Understanding Elements and TagsWeb documents are created using something called HTML, which, as you may have heard, stands for "HyperText Markup Language." The term markup derives from a technological era of publishing that predates the web: originally it referred to actual marks made by an editor on a paper manuscript that guided the printer or typesetter (notice that editor and printer here refer to people: that's how old this is) regarding how to lay out the document. As electronic publishing developed, "markup" came to refer to particular commands embedded into electronic text that likewise were intended to guide the layout of the document, rather than becoming part of it. HTML is one of many such systems of commands, or languages, that have been developed over the years. HTML, in particular, is intended for describing hypertext documents.
[An additional note for the curious: Unlike most traditional languages for computer programming, which are procedural, HTML is completely declarative (or descriptive). (It isn't a programming language, per se, at all.) If you want to think of this in relation to more familiar languages (like English), what this means is that there are no verbs. Everything is a (possibly qualified) noun phrase that defines what everything is, rather than what to do.]

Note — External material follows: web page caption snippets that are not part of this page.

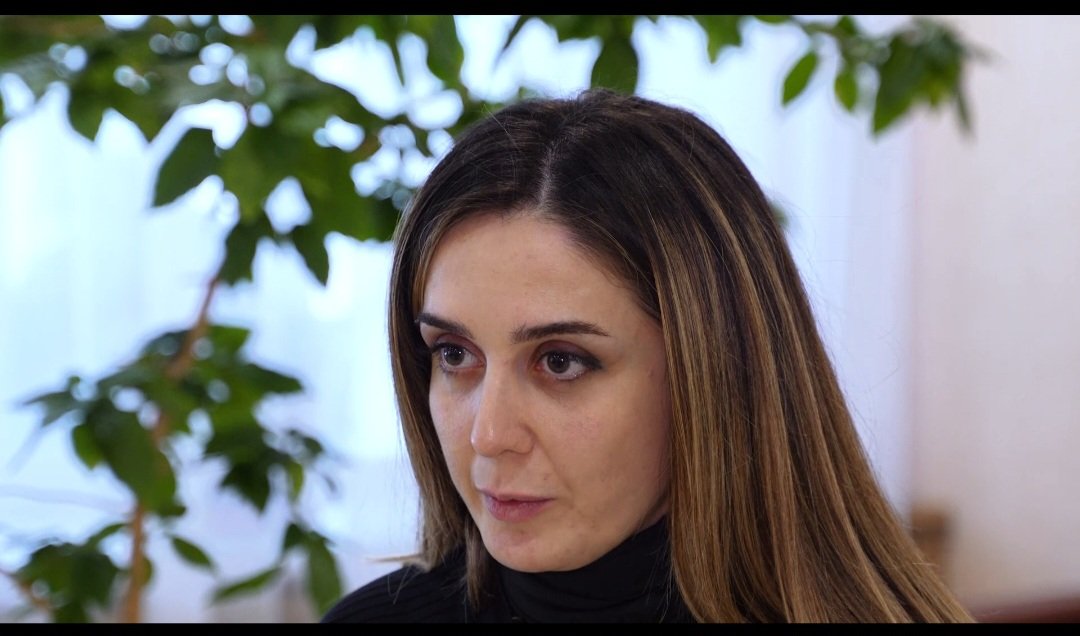 مشروع mk ultra كيف نفذ في أوكرانيا؟ وكيف تمت السيطرة على العقول ؟ 27 يليزافتيا ابرامونا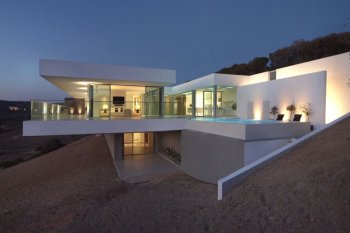Роскошный дом в Португалии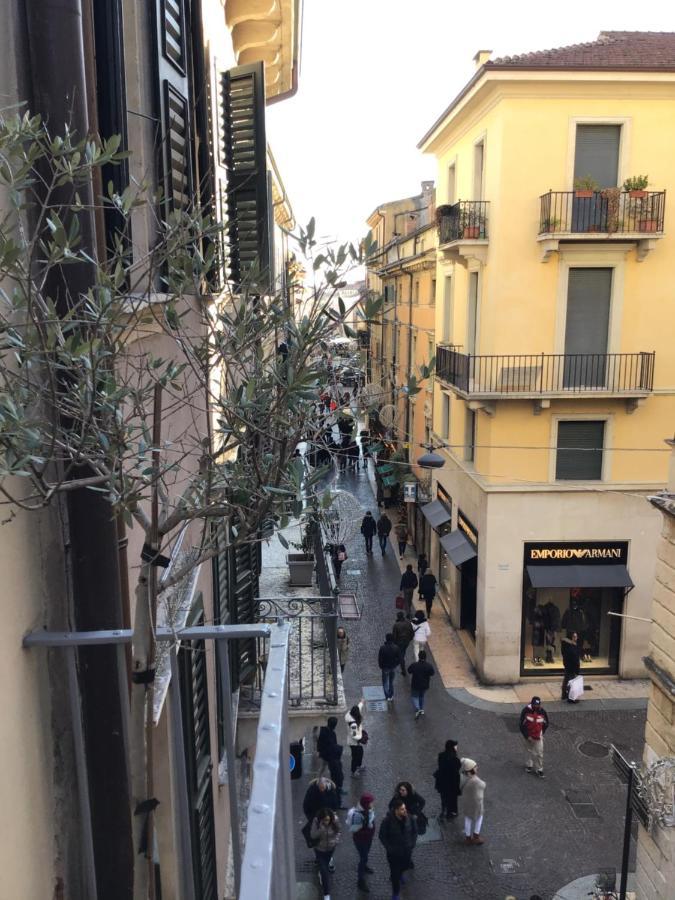 Appartamento A Due Passi Da Giulietta-casa Capuleti *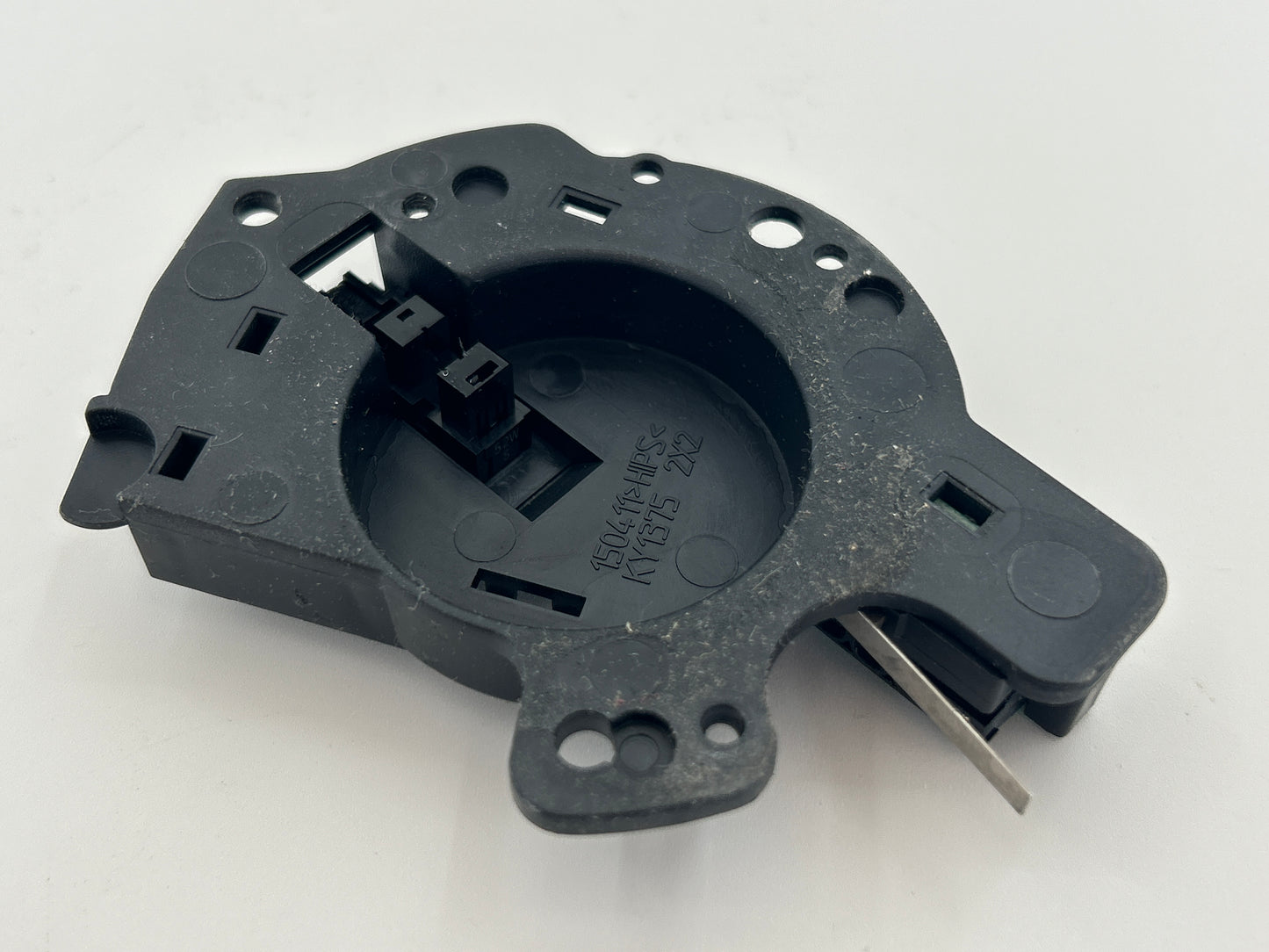 Novoferm Novoport Endschalter Sensor Schalter Hallsensor Taster Endanschlag Positionsschalter Microschalter Kontaktschalter Tastkontakt ID Geber Drehzahlsensor Nockenendschalter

So what does HTML look like? Consider the code below; this is sufficient that it could be a complete web document. The text is shown like this and the markup is shown like this, so that you can distinguish them. Please bear in mind that in an actual document, both the text and the markup would simply be ordinary characters; what actually distinguishes markup from text, as far as the browser is concerned, is which characters they are. In simplest terms, the markup is anything enclosed in angle brackets (also known as less-than and greater-than signs, "<" and ">"). [There is one special case, also shown below, that we will discuss in a moment.]

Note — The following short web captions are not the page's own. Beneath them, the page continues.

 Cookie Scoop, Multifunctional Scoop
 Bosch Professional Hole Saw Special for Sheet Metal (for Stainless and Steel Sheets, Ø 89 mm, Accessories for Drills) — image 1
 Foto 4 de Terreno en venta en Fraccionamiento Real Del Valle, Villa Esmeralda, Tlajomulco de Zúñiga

| HTML Code | Resulting Page |
|
<HTML> <HEAD> <!-- This is an example --> <TITLE>Example HTML</TITLE> </HEAD> <BODY> <H1 ALIGN="center">Sample Page</H1> <P>This <I>sample page</I> shows what a hypothetical "simple" HTML document might look like.</P> <P>Author: Who Knows?<BR> Last Modified: Too Long Ago...</P> </BODY> </HTML> |
Sample Page This sample page shows what a hypothetical "simple" HTML document might look like. Author: Who Knows? |
If you compare the part of the code shown as text to the text that actually appears in the result, it's pretty easy to see where most everything came from. The markup, on the other hand, doesn't directly appear in the result at all. Instead, the markup describes the text, either by identifying what it is (the role or function it has within the document, such as indicating that a particular bit of text forms a paragraph) or suggesting how it should be presented (such as indicating that the heading should be centered). This pretty much explains how HTML works, too. The browser receives a complete document, and it interprets the markup in order to decide what to do with the text.

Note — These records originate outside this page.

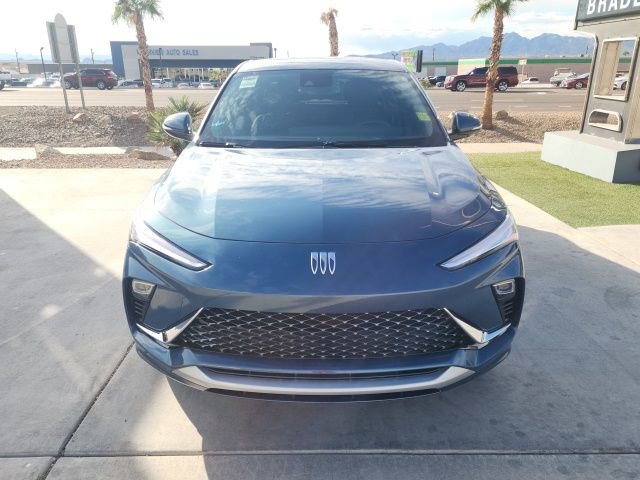 Used 2025 Buick Envista Avenir image 9
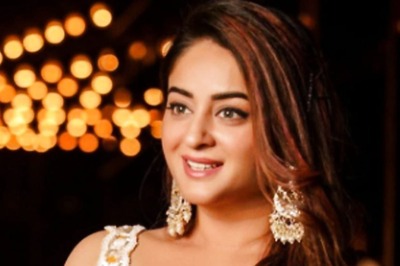 Mahhi Vij Hits Back At Trolls Targeting Her Daughter Tara's Namaz Video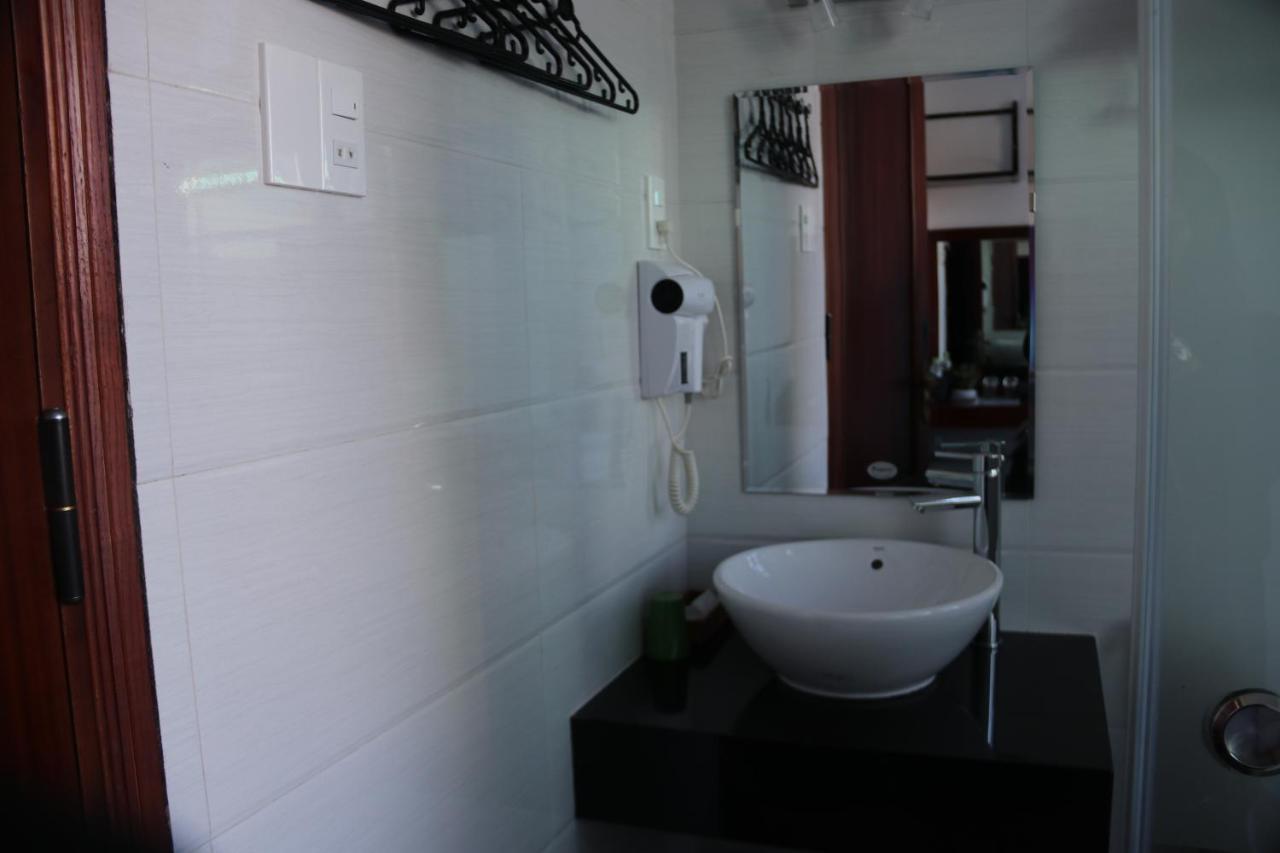 Ruby Rose House Hotel Dalat Bagian luar foto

When you use a language, you usually don't need to think about it much. But to describe a language to someone else, you need special terminology in order to name the parts of things and explain the rules for how to put them together. To describe English, you need to talk about nouns and verbs and prepositional phrases and dependent clauses, for example. After you have learned the rules (grammar), the terms don't matter much: you may not remember (or care) whether "which" is a relative pronoun or a demonstrative adjective, but things like that are useful when you are learning why "A good was done by this each boy," is an improperly-formed sentence. HTML is the same way. So, while we are talking about HTML, it will be handy to use the proper terminology.
A basic building block in HTML. A tag consists of an open angle bracket (less-than) character, followed by one or more other characters, ending finally with a close angle bracket (greater-than) character. Characters inside a tag are part of the markup. Characters between tags (not inside any tag) are part of the text.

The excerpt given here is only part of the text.